_Exercise_
Transcribe, without any alteration, only the lines that begin at the line containing "Jordan Point tide" and run to the last line below.
====== Data
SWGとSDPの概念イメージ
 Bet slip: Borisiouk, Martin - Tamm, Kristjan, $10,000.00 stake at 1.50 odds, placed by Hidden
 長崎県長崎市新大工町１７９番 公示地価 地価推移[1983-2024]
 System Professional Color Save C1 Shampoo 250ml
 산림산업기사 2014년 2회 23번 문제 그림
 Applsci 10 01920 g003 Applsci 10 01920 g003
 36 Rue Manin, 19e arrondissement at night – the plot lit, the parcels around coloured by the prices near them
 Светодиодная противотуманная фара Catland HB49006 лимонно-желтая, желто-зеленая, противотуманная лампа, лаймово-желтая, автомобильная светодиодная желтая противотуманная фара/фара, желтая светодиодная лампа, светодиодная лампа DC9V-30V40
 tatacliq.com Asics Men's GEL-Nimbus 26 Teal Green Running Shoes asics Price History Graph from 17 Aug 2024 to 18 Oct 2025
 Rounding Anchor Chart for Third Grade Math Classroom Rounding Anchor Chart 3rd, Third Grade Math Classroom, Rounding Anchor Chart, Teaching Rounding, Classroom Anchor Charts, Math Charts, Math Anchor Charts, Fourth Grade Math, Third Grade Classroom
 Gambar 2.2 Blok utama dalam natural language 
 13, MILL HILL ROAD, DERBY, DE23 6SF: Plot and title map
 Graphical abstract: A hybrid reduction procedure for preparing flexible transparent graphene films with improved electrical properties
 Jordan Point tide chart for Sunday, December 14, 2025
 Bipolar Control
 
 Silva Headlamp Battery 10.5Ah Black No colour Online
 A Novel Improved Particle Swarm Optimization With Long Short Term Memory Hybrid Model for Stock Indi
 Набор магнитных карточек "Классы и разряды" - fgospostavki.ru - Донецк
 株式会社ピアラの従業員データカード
============
_Solution to this problem_
 Jordan Point tide chart for Sunday, December 14, 2025
 Bipolar Control
 
 Silva Headlamp Battery 10.5Ah Black No colour Online
 A Novel Improved Particle Swarm Optimization With Long Short Term Memory Hybrid Model for Stock Indi
 Набор магнитных карточек "Классы и разряды" - fgospostavki.ru - Донецк
 株式会社ピアラの従業員データカード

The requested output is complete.